Disability on Muscle Beach

And how could I complain about my disability when it allows me to hang out with studs like this?

Every day I am forced to confront and overcome the physical limitations that my disability places on me. I have to figure out how to get in and out of the car, or up and down the stairs, or how to reach a mug on a high shelf. They say time waits for no man and I am no exception to that rule. Unless I allow life to leave me behind and go on without me, I must face these everyday obstacles, and so I do. I hardly have a choice.

Confronting my depression, however, is far more difficult. For years I tried to push it to the back of my mind, but ignoring it only made it worse. Like a wound that goes untreated, it became a festering toxin that tainted all my thoughts and attitudes. That habit of masking my depression and distracting myself with external interests and activities is now a barrier to overcoming it. I must make a concerted effort to acknowledge my incorrect assumptions about the world, evaluate my motives, and construct new patterns for my thoughts and behaviours. It is very easy to neglect these mental processes and “just get on with life”.

Someone who has always placed more emphasis on physical activities, like sport and exercise, may find coming to terms with a new disability more difficult than I have, as my focus has always been on intellectual and creative pursuits. I nevertheless believe that we should all take special care with the way we treat our minds and psyches, because it is much more difficult to fix the unseen than the physical, once it has been damaged.

How regularly do you floss your mind?

How regularly do you floss your mind?

Image courtesy of artur84 at FreeDigitalPhotos.net

No one questions the need to brush our teeth each day, but how much care do we take to regularly floss our minds?

Whenever we eat, little pieces of food get stuck between our teeth. If we didn’t brush, they would build up and cause rot. Similarly, we consume vast amounts of information throughout the day, processing thoughts without paying any attention to them.

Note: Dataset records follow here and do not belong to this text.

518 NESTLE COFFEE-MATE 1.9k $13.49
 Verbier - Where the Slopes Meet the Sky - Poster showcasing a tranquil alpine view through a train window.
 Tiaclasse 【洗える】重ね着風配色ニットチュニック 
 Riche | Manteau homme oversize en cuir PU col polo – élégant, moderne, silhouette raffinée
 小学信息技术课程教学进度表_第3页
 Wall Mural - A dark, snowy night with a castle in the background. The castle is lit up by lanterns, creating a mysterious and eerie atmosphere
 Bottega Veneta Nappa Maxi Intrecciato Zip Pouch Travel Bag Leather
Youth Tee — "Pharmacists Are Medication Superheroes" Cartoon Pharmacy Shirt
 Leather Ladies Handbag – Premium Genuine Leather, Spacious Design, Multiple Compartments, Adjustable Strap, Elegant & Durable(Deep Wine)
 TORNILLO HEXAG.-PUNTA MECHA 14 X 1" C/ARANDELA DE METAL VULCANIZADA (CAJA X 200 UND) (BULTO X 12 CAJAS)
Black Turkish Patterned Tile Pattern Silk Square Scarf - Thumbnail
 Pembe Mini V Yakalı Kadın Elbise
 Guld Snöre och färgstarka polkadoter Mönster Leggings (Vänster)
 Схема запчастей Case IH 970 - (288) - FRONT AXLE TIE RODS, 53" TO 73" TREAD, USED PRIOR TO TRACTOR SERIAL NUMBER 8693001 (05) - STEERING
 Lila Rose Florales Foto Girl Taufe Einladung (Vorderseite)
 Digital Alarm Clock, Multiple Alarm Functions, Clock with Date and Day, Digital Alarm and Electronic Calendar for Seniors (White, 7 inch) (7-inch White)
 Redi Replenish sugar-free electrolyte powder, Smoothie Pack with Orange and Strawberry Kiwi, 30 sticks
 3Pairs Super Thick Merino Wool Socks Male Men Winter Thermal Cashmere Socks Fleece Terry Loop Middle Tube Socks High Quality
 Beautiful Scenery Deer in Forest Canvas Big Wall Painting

These thoughts can be good or bad, healthy or destructive.

Whatever their nature, our thoughts also leave behind little fragments that build up over time and tinge our subsequent thoughts with their flavour, changing our ability to digest information and interpret the world.

If we are to protect ourselves from psychological cavities that poison our perceptions and cause us pain, we must take care to debrief regularly before an abscess develops and the rotting path needs to be extracted at the root.